# Best options trading account for non-frequent trader?



## insight (18 June 2011)

Hi,

I want to buy some options (long) every now and then when I spot something I'm pretty sure about. 

Can anyone recommend a cost effective and straight-forward broker or trading platform? I want something minimal in terms of both cost and set-up effort.


----------



## insight (18 June 2011)

I should also add that I am not looking to trade CFDs (purely options). 

I have a bad first impression of trading anything other than ordinary shares through any of the major retail banks.. it's just the vibe I get through. Can anyone say whether westpac is any good as they do offer options trading..

Would be interested in any specialist companies/platforms etc etc that anyone can recommend..


----------



## insight (19 June 2011)

...anyone....?


----------



## village idiot (19 June 2011)

insight said:


> Hi,
> 
> Can anyone recommend a cost effective and straight-forward broker or trading platform?
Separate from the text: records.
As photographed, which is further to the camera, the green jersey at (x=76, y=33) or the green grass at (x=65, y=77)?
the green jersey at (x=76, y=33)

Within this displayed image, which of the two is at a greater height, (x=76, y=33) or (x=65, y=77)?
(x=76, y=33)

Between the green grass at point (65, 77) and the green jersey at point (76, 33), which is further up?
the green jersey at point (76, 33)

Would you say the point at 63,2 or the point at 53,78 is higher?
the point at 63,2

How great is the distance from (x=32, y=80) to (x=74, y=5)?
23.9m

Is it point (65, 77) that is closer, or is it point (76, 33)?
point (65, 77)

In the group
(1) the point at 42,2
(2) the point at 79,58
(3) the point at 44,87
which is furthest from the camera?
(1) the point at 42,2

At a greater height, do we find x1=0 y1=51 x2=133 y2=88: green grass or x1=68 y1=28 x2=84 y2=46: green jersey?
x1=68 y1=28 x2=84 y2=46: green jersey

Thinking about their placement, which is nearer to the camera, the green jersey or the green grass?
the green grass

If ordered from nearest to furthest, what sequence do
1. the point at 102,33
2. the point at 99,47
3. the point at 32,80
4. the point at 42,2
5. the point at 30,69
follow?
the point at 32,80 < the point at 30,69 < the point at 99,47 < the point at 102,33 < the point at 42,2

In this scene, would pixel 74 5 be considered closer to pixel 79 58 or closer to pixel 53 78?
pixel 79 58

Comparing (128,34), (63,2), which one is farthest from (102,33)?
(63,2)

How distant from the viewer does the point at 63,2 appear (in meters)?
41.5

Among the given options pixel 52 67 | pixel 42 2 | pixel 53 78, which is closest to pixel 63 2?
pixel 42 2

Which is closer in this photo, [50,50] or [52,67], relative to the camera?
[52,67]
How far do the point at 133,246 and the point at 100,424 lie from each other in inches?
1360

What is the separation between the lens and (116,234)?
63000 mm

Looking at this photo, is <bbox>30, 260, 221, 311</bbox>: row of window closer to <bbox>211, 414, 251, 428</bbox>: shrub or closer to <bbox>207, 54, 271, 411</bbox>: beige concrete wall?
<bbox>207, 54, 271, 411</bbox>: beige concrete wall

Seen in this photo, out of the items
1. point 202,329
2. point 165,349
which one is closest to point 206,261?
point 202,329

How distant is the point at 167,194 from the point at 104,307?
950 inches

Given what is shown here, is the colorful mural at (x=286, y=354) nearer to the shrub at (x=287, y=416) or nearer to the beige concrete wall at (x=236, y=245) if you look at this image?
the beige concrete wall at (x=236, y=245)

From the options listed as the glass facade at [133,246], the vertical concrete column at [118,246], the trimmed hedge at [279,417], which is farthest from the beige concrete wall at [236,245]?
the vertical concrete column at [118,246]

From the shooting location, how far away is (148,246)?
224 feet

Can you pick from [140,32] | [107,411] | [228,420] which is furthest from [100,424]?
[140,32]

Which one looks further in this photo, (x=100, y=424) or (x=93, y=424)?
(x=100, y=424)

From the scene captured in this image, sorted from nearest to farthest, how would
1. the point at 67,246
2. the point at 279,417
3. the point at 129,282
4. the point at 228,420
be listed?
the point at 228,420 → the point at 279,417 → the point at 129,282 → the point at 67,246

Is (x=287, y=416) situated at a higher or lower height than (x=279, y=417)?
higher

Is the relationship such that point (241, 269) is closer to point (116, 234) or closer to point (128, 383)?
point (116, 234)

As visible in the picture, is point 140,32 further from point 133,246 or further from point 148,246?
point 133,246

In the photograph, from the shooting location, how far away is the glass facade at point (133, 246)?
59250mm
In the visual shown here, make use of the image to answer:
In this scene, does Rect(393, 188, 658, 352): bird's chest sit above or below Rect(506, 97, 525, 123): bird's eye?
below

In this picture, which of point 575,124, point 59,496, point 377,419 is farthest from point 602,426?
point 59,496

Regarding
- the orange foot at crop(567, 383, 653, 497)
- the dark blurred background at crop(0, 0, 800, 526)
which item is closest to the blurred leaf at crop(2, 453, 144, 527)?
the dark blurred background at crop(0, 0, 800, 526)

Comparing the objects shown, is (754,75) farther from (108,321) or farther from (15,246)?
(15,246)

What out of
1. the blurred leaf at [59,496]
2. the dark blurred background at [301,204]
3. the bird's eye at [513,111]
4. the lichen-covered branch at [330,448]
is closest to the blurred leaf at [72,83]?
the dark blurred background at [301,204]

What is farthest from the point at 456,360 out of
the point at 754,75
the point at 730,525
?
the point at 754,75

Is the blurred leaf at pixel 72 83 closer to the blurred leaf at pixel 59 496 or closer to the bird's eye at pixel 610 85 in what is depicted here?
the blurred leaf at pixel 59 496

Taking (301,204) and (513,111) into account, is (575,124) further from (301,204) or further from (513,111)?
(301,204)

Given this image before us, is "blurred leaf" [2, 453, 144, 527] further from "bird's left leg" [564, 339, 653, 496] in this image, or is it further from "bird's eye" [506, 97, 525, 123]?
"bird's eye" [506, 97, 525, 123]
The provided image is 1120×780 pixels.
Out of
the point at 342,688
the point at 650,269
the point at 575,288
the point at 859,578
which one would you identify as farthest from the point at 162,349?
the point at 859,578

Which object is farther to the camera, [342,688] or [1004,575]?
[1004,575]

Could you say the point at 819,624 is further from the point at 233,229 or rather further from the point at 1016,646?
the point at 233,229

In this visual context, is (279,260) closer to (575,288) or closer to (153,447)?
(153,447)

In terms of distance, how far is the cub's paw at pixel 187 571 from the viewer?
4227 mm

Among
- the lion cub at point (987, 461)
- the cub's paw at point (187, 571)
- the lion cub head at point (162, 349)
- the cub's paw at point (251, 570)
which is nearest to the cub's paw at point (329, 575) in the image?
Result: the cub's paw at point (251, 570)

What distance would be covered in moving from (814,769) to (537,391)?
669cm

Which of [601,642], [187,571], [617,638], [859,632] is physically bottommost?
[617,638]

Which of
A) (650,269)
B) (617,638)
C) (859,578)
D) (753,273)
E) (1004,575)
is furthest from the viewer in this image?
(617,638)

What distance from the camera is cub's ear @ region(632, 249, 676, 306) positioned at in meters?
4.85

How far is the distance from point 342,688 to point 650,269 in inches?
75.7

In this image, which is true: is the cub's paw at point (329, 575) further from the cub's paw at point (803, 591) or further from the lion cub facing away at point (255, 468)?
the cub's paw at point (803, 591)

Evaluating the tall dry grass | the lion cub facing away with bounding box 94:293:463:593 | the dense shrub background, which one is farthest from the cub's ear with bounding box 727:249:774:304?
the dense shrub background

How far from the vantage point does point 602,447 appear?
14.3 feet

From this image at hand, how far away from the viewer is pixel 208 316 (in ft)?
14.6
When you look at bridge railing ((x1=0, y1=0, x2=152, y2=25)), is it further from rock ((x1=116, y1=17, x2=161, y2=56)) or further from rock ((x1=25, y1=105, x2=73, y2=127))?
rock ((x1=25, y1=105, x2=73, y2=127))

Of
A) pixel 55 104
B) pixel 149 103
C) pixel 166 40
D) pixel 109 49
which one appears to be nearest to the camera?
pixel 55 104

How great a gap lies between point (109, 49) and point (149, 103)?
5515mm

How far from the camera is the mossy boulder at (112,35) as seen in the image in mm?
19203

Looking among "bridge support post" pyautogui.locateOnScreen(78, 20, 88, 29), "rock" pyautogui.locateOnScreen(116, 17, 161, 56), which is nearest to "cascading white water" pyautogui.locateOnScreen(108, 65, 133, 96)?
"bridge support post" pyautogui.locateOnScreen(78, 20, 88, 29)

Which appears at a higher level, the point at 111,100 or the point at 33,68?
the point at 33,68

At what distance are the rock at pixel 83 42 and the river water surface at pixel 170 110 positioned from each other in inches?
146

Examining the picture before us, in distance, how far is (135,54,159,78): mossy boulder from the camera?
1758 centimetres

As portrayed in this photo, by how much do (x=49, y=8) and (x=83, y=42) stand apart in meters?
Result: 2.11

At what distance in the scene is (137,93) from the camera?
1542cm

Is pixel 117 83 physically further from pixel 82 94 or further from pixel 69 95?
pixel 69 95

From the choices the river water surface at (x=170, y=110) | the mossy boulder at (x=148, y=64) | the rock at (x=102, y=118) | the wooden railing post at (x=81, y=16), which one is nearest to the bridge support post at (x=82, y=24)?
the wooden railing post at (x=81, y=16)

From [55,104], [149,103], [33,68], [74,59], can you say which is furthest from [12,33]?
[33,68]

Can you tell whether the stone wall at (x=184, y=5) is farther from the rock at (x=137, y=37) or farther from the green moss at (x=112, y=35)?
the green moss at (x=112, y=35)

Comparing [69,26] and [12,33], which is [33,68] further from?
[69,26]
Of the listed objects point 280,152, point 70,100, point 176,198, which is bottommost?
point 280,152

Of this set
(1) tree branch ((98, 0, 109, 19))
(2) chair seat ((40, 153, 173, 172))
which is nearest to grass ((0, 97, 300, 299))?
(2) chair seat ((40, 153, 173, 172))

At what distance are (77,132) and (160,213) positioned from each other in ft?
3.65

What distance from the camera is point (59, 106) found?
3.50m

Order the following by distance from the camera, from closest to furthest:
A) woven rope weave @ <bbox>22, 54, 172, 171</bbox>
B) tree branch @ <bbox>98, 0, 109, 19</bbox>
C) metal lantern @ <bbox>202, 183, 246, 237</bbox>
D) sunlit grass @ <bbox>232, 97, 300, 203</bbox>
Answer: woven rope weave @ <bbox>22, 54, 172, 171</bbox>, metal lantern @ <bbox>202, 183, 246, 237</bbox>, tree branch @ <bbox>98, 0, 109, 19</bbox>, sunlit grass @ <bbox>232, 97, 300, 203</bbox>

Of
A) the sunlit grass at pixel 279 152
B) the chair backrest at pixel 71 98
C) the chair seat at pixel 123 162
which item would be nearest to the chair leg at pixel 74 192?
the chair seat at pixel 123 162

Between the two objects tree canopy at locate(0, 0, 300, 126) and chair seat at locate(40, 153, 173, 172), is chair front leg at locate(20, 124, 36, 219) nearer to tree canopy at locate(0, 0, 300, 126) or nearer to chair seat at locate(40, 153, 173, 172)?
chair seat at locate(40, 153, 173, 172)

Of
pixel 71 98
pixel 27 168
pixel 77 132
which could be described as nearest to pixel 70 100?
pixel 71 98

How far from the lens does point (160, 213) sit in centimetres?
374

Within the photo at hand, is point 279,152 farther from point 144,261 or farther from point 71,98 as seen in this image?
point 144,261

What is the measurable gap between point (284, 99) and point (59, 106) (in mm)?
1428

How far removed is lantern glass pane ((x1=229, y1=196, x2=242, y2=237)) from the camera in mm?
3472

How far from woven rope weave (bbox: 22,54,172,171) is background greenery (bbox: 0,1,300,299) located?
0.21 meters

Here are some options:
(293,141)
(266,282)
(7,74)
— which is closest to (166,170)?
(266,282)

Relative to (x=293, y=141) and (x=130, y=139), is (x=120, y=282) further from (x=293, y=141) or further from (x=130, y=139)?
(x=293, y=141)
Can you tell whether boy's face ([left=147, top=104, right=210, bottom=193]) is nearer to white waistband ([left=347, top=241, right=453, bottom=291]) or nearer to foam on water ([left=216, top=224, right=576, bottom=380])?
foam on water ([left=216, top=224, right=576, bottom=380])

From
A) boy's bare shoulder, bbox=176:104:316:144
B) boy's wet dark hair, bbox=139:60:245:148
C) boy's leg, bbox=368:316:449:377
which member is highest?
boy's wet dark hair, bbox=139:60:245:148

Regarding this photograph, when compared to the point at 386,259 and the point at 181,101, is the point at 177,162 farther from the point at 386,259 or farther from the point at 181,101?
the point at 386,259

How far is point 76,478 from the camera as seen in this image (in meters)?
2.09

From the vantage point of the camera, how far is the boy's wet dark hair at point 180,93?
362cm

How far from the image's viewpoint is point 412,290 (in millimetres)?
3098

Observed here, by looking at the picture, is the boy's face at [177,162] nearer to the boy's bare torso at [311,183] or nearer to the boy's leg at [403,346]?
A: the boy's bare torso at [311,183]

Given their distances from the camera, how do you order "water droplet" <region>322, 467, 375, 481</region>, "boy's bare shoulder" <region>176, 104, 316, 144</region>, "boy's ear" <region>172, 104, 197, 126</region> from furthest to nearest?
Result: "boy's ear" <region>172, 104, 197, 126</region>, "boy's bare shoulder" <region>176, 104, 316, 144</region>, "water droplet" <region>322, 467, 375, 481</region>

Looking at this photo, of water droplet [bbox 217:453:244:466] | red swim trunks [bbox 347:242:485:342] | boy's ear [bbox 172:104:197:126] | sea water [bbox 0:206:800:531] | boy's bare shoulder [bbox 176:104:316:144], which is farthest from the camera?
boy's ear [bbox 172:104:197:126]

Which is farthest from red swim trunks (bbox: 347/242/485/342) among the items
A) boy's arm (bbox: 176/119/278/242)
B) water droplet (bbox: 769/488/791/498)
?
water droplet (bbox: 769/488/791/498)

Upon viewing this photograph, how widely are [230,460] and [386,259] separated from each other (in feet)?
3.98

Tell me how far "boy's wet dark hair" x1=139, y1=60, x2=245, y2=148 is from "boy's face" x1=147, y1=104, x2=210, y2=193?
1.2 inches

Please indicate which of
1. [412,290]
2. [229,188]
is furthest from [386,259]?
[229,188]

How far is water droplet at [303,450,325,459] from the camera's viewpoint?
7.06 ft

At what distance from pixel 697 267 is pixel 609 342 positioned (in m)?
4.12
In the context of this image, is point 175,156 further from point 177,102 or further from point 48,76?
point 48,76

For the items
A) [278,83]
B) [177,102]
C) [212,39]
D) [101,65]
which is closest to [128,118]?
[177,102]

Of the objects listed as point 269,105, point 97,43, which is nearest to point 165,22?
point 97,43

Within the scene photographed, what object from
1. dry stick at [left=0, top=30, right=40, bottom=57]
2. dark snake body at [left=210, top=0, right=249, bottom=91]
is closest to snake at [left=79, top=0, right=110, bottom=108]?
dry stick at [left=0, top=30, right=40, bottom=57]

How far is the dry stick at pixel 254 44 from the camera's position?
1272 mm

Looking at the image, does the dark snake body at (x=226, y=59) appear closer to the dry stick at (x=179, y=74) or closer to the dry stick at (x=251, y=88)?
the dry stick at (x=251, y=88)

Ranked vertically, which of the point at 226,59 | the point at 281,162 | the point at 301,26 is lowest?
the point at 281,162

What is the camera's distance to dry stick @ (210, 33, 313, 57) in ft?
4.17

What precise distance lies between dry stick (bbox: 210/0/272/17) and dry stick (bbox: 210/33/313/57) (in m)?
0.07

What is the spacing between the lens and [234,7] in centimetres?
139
I want something minimal in terms of both cost and set-up effort.




the short answer is no, you cant have both those things. The Australian brokers that do ETOs charge commissions that are prohibitive, especially for a start up acount. That leaves you with the rest of the world where a number of brokers have much better platforms and charge a lot less. 

A number of people use Interactive Brokers which are good, but the set-up effort I believe is far from minimal, although it is a long time since I set mine up and I was overseas at the time.

If you are actually going to trade though you are just going to have to go to some effort...


----------



## nichole (7 July 2011)

Have you tried to Google for OptionXpress?


----------



## sails (7 July 2011)

nichole said:


> Have you tried to Google for OptionXpress?




I don't believe they do Aussie options anymore.

If you are looking for a US broker, Think or Swim options brokers used to be good.  I think they have now been taken over by another brokerage in the US.


----------



## nichole (8 July 2011)

sails said:


> I don't believe they do Aussie options anymore.
> 
> If you are looking for a US broker, Think or Swim options brokers used to be good.  I think they have now been taken over by another brokerage in the US.




My apology, I thought the asker was referring to US market. I mainly used CFD for my trading or structured warrants for HSI, STI stocks. For Aussie stocks, mainly using CFD.


----------